ARLINGTON, Va. – If the government points cameras at your home and films you 24/7 for 18 straight months without a warrant, is that a “search” under the Fourth Amendment? The 7th U.S. Circuit Court of Appeals, in a case called United States v. Tuggle, recently said “no.” But in a new amicus brief supporting a petition for Supreme Court review, the Institute for Justice (IJ) argues that the answer is “yes.”
“We filed this brief because the Supreme Court’s current approach to these issues is broken,” said IJ Senior Attorney Robert Frommer. “For decades, the court has employed a bizarre definition of the word ‘search’ that asks not whether police are looking for something, but whether ‘society’ would find a person’s privacy expectation ‘reasonable.’ As the Seventh Circuit’s decision shows, this definition often produces counterintuitive results that allow deeply intrusive government conduct to side-step the Fourth Amendment entirely. Our brief urges the Supreme Court to adopt a definition of ‘search’ that better protects all Americans’ privacy rights.”
Starting in 2013, law enforcement agencies in Illinois suspected Travis Tuggle was dealing drugs. But they needed more evidence. So, in 2014, they installed three surveillance cameras on utility poles surrounding Tuggle’s home and started watching him 24/7. Using the cameras, police could tune in live and monitor Tuggle’s every coming and going; they could pan and zoom to get better angles; they could even play back any minute of any day at their pleasure.
All of this went on for 18 months without Tuggle’s consent or a warrant.
Eventually, police used the footage they obtained to get a search warrant and arrested Tuggle on drug charges. Tuggle moved to suppress the evidence acquired by the cameras, arguing that the warrantless surveillance violated his Fourth Amendment rights. But earlier this year, the Seventh Circuit rejected Tuggle’s argument, reasoning that the Fourth Amendment did not even apply because no “search” had occurred.
The court felt bound by a prior Supreme Court case called Katz, which held that no “search” occurs, for Fourth Amendment purposes, unless the government intrudes on a privacy expectation that “society” would consider reasonable. Katz also held that a person has no legitimate privacy expectation in what he “knowingly exposes to the public.” Following this logic, the Seventh Circuit felt that its hands were tied: the cameras only recorded the outside of Tuggle’s home, so no “search” occurred, the judges decided.
The court was clearly uncomfortable with the result.

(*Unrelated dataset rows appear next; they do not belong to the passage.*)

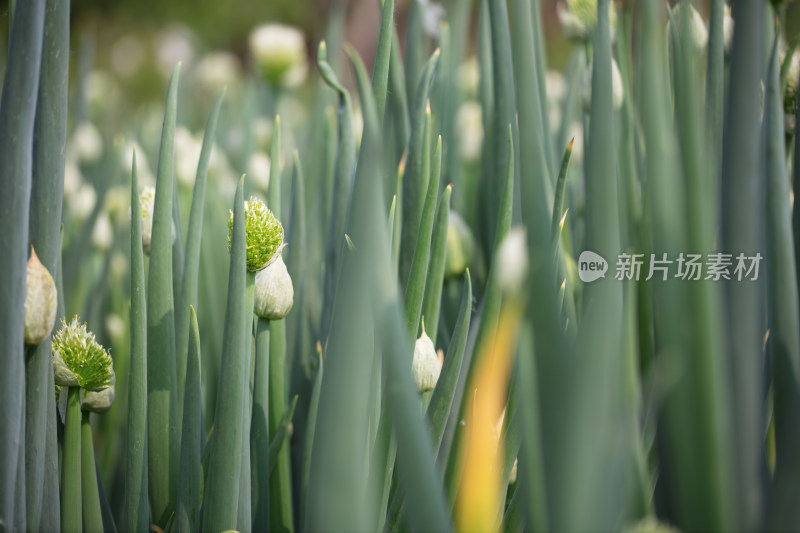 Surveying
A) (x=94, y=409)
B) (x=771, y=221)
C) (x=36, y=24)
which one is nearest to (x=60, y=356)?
(x=94, y=409)

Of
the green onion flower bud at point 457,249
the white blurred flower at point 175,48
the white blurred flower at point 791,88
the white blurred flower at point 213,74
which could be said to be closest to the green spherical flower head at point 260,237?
the green onion flower bud at point 457,249

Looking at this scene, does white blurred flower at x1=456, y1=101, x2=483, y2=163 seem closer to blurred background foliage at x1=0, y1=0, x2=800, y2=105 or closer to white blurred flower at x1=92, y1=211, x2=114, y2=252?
white blurred flower at x1=92, y1=211, x2=114, y2=252

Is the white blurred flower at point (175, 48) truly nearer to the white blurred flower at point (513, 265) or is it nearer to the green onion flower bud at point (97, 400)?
the green onion flower bud at point (97, 400)

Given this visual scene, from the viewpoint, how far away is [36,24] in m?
0.35

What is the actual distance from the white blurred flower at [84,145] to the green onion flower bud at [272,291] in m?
1.07

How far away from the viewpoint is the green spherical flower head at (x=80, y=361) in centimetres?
42

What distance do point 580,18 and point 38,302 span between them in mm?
687

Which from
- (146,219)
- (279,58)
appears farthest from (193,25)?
(146,219)

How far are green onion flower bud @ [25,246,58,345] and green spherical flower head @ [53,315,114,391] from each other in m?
0.05

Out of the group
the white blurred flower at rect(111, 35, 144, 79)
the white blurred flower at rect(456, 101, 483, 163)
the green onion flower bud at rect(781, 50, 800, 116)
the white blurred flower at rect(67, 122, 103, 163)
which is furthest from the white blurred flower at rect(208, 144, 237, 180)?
the white blurred flower at rect(111, 35, 144, 79)

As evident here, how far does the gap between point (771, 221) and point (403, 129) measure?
357 mm

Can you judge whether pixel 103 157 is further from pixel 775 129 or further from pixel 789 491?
pixel 789 491

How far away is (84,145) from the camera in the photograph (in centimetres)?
132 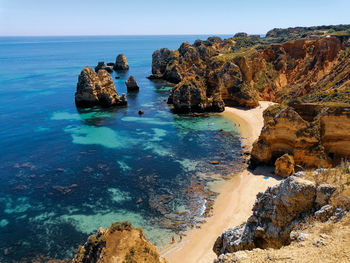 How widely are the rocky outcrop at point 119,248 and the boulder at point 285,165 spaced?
23.1 m

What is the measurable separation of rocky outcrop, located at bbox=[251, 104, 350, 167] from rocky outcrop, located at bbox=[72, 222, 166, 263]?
24858mm

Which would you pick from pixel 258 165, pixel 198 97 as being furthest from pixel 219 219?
pixel 198 97

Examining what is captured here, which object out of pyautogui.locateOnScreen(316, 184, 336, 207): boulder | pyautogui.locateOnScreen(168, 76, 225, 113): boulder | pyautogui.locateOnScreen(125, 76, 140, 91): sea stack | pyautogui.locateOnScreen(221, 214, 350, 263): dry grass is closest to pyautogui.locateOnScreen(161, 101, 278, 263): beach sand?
pyautogui.locateOnScreen(221, 214, 350, 263): dry grass

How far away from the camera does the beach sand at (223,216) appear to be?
2493 cm

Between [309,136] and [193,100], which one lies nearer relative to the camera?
[309,136]

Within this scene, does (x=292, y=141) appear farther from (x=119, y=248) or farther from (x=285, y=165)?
Answer: (x=119, y=248)

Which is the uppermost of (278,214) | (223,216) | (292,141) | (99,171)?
(278,214)

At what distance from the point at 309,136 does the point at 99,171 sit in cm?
2987

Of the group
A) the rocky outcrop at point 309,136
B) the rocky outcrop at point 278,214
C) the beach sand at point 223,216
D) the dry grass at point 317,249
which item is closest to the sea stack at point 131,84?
the rocky outcrop at point 309,136

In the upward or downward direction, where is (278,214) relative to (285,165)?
upward

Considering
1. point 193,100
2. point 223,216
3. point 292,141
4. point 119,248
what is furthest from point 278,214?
point 193,100

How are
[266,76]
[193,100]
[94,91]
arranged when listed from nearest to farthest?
[193,100] → [94,91] → [266,76]

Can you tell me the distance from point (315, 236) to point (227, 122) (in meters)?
49.2

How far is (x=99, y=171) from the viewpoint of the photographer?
1565 inches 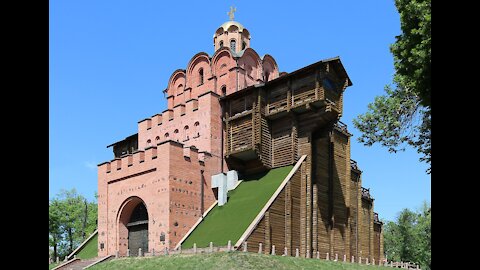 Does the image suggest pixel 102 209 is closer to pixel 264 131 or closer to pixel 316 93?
pixel 264 131

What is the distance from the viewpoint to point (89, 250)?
38344 mm

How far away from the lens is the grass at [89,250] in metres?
37.0

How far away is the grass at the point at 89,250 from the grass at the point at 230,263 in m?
9.44

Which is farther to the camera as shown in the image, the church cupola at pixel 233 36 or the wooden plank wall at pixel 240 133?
the church cupola at pixel 233 36

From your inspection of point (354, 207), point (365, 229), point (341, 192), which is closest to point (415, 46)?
point (341, 192)

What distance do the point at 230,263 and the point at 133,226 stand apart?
1402 cm

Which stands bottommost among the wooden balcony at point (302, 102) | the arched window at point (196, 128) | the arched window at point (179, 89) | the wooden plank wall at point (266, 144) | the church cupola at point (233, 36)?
the wooden plank wall at point (266, 144)

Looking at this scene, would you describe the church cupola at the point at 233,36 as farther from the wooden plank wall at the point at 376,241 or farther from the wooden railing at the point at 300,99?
the wooden plank wall at the point at 376,241

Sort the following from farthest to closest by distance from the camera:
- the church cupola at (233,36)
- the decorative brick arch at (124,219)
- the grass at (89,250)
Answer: the church cupola at (233,36)
the grass at (89,250)
the decorative brick arch at (124,219)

It expressed “unease about the implications . . . for future cases” and concern that government’s ability to “freely observe citizens outside their homes for eighteen months” might undermine “the Fourth Amendment’s stated purpose of preserving people’s right to ‘be secure.’” The court concluded by calling on the Supreme Court to “revisit” Katz.

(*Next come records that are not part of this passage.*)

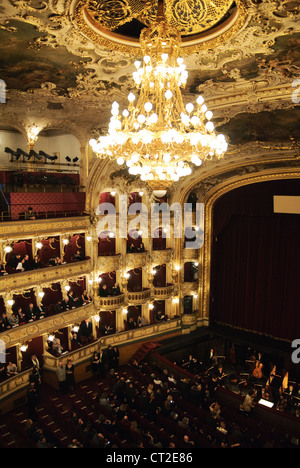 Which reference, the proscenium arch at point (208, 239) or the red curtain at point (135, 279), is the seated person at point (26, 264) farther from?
the proscenium arch at point (208, 239)

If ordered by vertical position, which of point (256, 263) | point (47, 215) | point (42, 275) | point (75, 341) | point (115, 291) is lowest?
point (75, 341)

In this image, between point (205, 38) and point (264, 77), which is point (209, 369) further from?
point (205, 38)

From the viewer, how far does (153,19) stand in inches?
244

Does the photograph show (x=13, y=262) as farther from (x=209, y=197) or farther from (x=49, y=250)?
(x=209, y=197)

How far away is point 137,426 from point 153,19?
952 centimetres

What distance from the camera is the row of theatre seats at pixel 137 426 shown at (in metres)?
9.07

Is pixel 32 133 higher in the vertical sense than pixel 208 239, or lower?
higher

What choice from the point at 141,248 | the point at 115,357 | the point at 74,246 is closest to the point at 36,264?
the point at 74,246

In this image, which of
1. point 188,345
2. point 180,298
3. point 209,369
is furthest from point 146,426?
point 180,298

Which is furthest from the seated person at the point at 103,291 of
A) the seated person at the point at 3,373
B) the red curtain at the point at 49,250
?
the seated person at the point at 3,373

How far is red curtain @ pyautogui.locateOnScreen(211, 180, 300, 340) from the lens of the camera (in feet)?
53.5

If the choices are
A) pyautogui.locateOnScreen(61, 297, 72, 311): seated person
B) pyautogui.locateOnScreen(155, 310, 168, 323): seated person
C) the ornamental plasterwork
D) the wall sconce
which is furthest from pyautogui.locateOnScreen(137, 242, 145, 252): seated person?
the wall sconce

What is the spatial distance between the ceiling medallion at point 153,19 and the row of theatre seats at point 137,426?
28.3ft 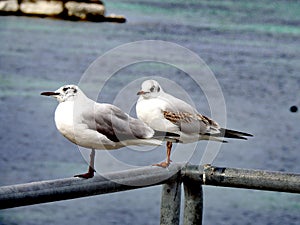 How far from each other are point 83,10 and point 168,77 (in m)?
14.2

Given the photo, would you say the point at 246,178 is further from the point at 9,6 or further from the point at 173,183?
the point at 9,6

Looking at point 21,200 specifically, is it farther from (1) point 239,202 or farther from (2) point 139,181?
(1) point 239,202

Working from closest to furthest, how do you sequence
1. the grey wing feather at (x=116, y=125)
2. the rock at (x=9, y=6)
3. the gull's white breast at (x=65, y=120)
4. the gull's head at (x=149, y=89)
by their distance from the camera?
the gull's white breast at (x=65, y=120), the grey wing feather at (x=116, y=125), the gull's head at (x=149, y=89), the rock at (x=9, y=6)

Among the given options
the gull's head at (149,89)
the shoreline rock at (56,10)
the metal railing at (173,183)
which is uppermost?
the gull's head at (149,89)

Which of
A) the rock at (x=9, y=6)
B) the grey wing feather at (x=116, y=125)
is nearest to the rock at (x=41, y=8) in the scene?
the rock at (x=9, y=6)

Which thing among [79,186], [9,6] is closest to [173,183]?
[79,186]

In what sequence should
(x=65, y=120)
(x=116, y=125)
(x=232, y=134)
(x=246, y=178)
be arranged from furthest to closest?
(x=232, y=134) < (x=116, y=125) < (x=65, y=120) < (x=246, y=178)

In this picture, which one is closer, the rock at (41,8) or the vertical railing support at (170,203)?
the vertical railing support at (170,203)

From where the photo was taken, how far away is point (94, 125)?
9.39 ft

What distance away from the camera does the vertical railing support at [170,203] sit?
254 centimetres

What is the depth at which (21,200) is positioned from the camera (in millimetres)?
2111

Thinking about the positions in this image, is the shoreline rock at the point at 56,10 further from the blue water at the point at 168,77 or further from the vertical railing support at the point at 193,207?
the vertical railing support at the point at 193,207

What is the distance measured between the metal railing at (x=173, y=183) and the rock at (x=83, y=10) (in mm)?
26853

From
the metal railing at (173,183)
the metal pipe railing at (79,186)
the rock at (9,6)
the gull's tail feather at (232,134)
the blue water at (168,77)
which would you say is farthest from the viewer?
the rock at (9,6) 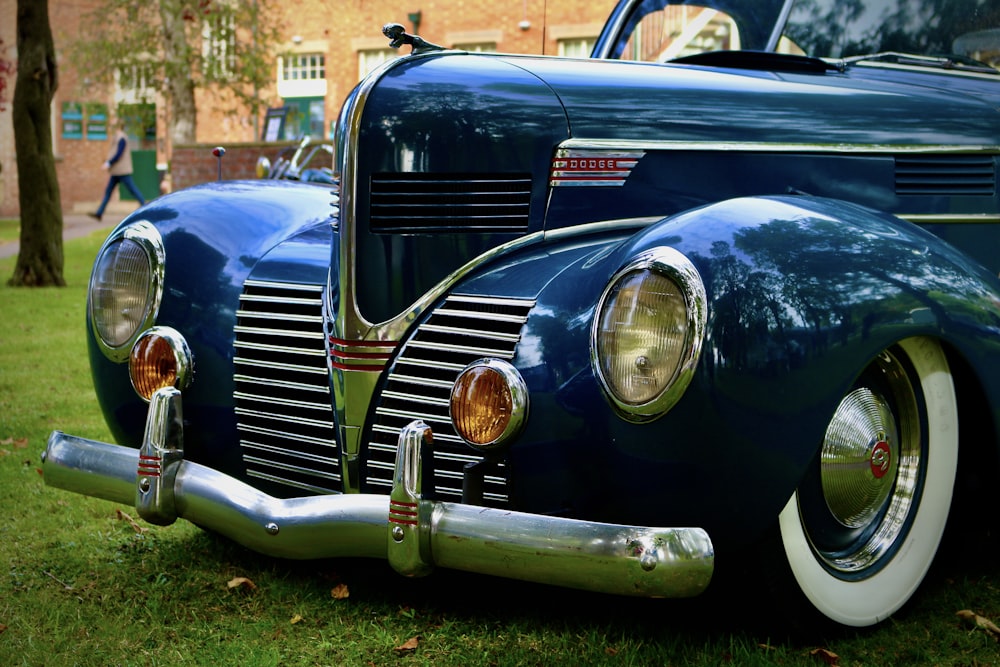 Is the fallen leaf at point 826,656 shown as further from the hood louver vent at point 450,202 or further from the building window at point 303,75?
the building window at point 303,75

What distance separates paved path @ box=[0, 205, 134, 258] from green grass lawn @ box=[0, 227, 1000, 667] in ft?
38.4

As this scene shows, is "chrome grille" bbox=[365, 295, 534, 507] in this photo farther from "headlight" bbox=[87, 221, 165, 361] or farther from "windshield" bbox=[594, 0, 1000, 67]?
"windshield" bbox=[594, 0, 1000, 67]

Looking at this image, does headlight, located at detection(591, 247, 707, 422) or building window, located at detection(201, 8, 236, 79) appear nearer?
headlight, located at detection(591, 247, 707, 422)

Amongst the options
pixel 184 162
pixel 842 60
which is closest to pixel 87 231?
pixel 184 162

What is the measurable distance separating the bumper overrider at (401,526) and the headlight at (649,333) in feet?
0.90

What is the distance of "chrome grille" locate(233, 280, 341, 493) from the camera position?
9.41 feet

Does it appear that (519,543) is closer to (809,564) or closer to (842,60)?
(809,564)

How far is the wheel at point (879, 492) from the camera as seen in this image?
249 cm

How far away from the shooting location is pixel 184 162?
15867mm

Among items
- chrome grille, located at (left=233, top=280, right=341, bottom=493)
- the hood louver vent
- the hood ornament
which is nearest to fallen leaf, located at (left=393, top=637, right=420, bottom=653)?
chrome grille, located at (left=233, top=280, right=341, bottom=493)

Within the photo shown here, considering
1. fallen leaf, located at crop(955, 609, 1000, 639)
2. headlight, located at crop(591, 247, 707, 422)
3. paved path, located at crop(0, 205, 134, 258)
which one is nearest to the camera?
headlight, located at crop(591, 247, 707, 422)

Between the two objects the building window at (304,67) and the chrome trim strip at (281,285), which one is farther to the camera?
the building window at (304,67)

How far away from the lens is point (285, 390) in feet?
9.63

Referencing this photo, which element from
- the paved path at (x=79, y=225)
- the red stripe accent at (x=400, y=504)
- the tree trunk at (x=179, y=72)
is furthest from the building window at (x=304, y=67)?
the red stripe accent at (x=400, y=504) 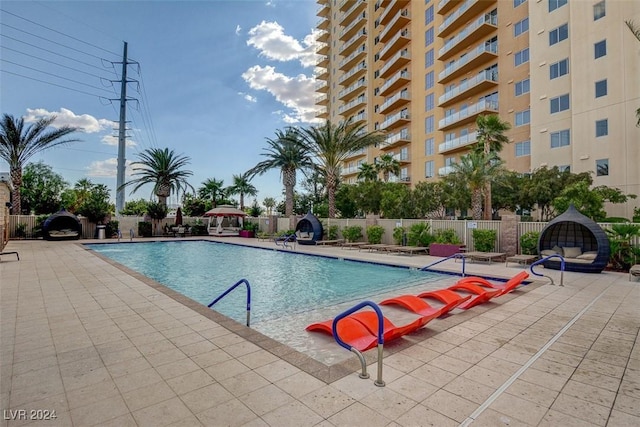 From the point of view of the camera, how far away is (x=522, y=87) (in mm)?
26500

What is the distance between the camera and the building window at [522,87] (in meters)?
26.0

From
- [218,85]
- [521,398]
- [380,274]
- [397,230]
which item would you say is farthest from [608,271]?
[218,85]

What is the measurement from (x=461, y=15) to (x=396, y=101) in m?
10.9

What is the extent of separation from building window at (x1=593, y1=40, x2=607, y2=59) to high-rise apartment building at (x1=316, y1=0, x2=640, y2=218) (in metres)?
0.06

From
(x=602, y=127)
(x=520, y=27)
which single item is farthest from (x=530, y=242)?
(x=520, y=27)

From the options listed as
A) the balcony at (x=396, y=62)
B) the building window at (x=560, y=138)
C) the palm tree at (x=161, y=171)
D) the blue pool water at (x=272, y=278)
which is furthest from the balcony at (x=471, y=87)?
the palm tree at (x=161, y=171)

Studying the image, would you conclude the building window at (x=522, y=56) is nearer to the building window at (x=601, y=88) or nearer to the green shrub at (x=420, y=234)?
the building window at (x=601, y=88)

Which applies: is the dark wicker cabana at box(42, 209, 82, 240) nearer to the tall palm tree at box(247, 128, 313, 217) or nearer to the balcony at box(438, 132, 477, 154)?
the tall palm tree at box(247, 128, 313, 217)

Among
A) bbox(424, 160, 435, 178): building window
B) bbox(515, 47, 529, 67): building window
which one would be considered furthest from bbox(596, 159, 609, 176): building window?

IJ’s amicus brief urges the Supreme Court to take the case so that it can abandon Katz and replace it with an Ordinary Meaning Test, under which the government conducts a “search” whenever it engages in purposeful, investigative conduct directed toward you or your property. Under that test, what the government did to Tuggle would trigger the Fourth Amendment.
“The test we’re proposing honors the ordinary meaning of the term ‘search,’ both at the Founding and now,” said IJ Attorney Joshua Windham. “If your neighbor pointed cameras at your house for 18 months and watched your every move, you would reasonably conclude that he was searching for something. There’s no reason for courts to reach the opposite conclusion just because the police are involved.”
As technology has advanced, judges have invented more and more loopholes for the government to snoop on Americans without a warrant. That’s why IJ recently launched its Project on the Fourth Amendment, which aims to restore all Americans’ right to be secure in their persons and property from unreasonable government intrusions.